Cholesky Factorization

Decomposition of a square Hermite positively definite matrix into triangular components.

cholesky factorizations

Description

Block Cholesky Factorization uniquely decomposes the square Hermite positively defined input matrix S as

where:

- is a lower triangular matrix with positive diagonal elements.
- Hermite (complex-conjugate) transposed matrix L.

The block outputs a composite matrix with elements below the main diagonal of and elements above and on the main diagonal of .

The figure below shows the result of the block Cholesky Factorization (matrix LL').

cholesky factorization 1

Input signal requirements

The output of a block is considered valid (i.e. mathematically correct) only when its input has the following characteristics:

Hermite - the block does not check whether the input is Hermite; it uses only the diagonal and upper triangle of the input matrix to compute the output.
Diagonal elements are real - the block ignores any imaginary component of the diagonal elements.
Positive definite - the Non-positive definite input parameters sets the response to a non-positive definite input.

Response to non-positive definite input

To compute a valid output, the block algorithm requires a positively definite input. The Non-positive definite input parameter specifies the block’s response to a non-positive definite input:

Ignore - the simulation continues and no warning is issued. The result is not a valid decomposition. Partial decomposition will be present in the upper left corner of the output matrix.

Error - the error dialogue box is displayed and the simulation stops.

Performance comparison with other blocks

Note that and have the same diagonal in the output matrix. The Cholecki decomposition requires half the computation of the LU decomposition and is always stable.

Ports

Input

S - initial matrix S
`matrix M by M

The input signal is in the form of a square matrix.

The algorithm requires the input matrix to be square and Hermite positively definite. The block uses only the diagonal and upper triangle of the matrix and ignores any imaginary component in the diagonal elements.

Data types: Float64

Output

LL' - output matrix
`matrix M by M

The output is an M by M matrix. The size of the matrix LL' is the same as the size of the matrix S.

Parameters

Non-positive definite input - response to non-positive definite input matrix
Ignore (by default) | Warning | Error

The input matrix S must be Hermite positively definite.
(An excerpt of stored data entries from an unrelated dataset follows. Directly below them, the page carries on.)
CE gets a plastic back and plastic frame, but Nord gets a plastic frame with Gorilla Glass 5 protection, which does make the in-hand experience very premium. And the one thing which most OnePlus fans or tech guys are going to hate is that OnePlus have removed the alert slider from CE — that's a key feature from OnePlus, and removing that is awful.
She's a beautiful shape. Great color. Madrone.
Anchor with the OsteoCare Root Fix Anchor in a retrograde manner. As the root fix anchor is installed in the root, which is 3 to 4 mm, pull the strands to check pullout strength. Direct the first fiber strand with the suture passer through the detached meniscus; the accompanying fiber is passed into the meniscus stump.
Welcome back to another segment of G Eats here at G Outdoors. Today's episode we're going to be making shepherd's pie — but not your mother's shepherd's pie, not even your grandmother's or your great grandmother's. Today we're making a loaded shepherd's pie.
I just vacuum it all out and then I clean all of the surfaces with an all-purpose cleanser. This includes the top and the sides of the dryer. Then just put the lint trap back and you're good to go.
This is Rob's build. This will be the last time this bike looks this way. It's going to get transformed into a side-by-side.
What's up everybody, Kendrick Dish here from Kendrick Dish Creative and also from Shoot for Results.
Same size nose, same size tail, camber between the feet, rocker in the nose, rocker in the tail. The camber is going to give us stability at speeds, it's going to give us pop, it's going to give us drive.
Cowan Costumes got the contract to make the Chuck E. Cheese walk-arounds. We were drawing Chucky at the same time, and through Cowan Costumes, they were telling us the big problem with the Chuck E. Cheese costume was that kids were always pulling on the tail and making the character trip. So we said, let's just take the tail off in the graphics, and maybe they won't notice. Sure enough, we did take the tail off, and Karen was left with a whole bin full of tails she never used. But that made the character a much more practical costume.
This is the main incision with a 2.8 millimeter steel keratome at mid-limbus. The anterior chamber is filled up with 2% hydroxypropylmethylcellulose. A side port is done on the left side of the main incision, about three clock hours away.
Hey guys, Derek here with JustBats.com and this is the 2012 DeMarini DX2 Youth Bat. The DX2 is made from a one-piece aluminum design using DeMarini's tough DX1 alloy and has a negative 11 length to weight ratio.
When the input is not positively definite, the block reacts as follows:

Ignore - the simulation continues and no warning is issued. The result is not a valid decomposition. A partial decomposition will be present in the upper left corner of the output matrix.

Error - the error dialogue box is displayed and the simulation stops.

The Non-positive definite input parameter is a diagnostic parameter. Like all diagnostic parameters, it is set to `Ignore'.